In Week 2, I wrote 'Authenticity' and 'Authenticity is a Bird' after the following reading assignment:
Week 2: Søren Aabye Kierkegaard and Regine Schlegel née Olsen

Write a poem about Søren Aabye Kierkegaard and Regine Schlegel née Olsen. But I would like you first to get into Kierkegaard’s mind and then do the same with Olsen. This is not a historic poem you are writing but an areal poem the way you recraft their life and how they came alive in your viewscape and how you got into their lives.

Try reading and reading about: Federico Garcia Lorca, Rabindranath Tagore, Lord Byron, Alexander Pope, Derek Walcott and Fernando Pessoa, (And Ernest Hemmingway’s For whom the Bell Tolls).

Poets’ Letter Archive: Kona Macphee, Briony Dennis and Malgorzata Kitowski

In Week 3, I wrote 'Ravine' after the following reading assignment:

Week 3: Rabindranath Tagore and Victoria Ocampo

Write a poem about these two and again, I would not want you to write history. I would like you to bring them alive the way they came alive in your sensedia and understanding.

Try reading and reading about: Rane Maria Rilke, Robert Frost, Vladimir Mayakovosky, Elizabeth Browning, Seamus Heaney, Chinua Achebe, Sharon Olds, Mimi Khalvati, (That Does not Die: Maitreyi Devi and The Bengal Night: Mircea Eleade).

Poets’ Letter Archive: Cheryl Follon, Claire Askew and Philip Ruthen


In my final week, I wrote 'Ono' after the following reading assignment:

Week 4: John Lennon and Yoko Ono Lennon

This one, particular attention must be paid to avoid the massive cliché that exists in the public domain. I would like you to ignore all that paraphernalia and dive into where they came from. And I would not want you to write history but areality as to how you found them to be talking to you.

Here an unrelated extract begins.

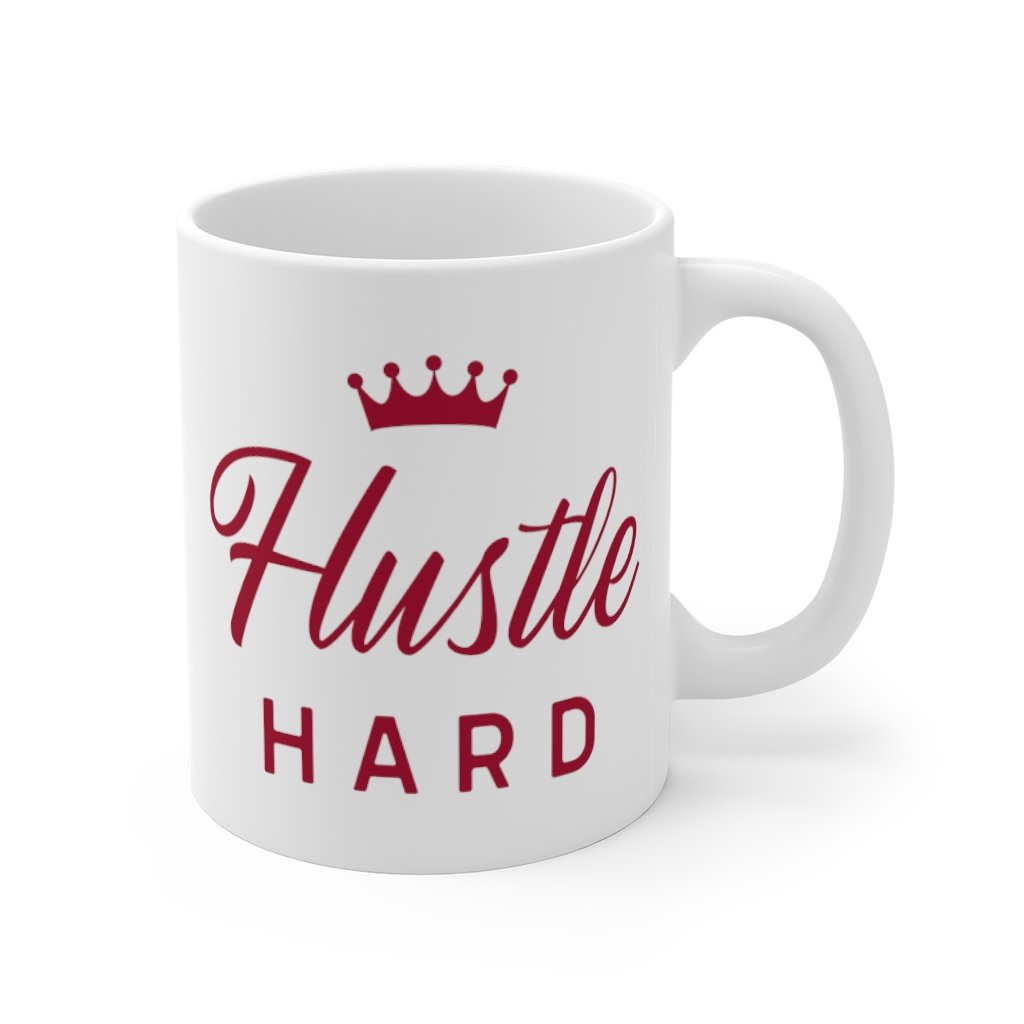 Hustle Hard Mug with Crown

Try Reading and reading about: Pablo Neruda, Thomas Dylan, Ted Hughes, Sylvia Plath, Nelson Mandela’s Autobiography: A Long Walk to Freedom, Coleridge and Boris Pasternak (A Game of Hide and Seek: Elizabeth Taylor and Dr Zhivago: Boris Pasternak)

Poets’ Letter Archive: Leanne O’Sullivan, Alan Buckley and Sharon Harriott

*

It's been a great month! It was really nice to be constantly reading and reading about all these great poets and writers and thinkers and people. Inspirational. I'm looking forward to attending the London Poetry Festival in August where I might just meet a few of them!

Sunday, April 5, 2009

Weathering & Buried Bones


Weathering and Buried Bones are published in Issue 3 of Bottom of the World magazine.

You can buy a copy from: Lulu, a print-on-demand publisher.
VERY LOVELY COPIES! I am so impressed.... glossy perfect-bind, nice pages *swoon*.
(Excellent content as well. My colleague Dave Coates is also featured!)

Saturday, April 4, 2009

For Your Love of Robots & Lilith


For Your Love of Robots and Lilith are published in Gloom Cupboard Print Edition!

You can buy a copy from erbacce press!


note: Lilith has been severely revised, (even renamed!) such that this is probably the only place you will be able to find the original. A collector's item! =)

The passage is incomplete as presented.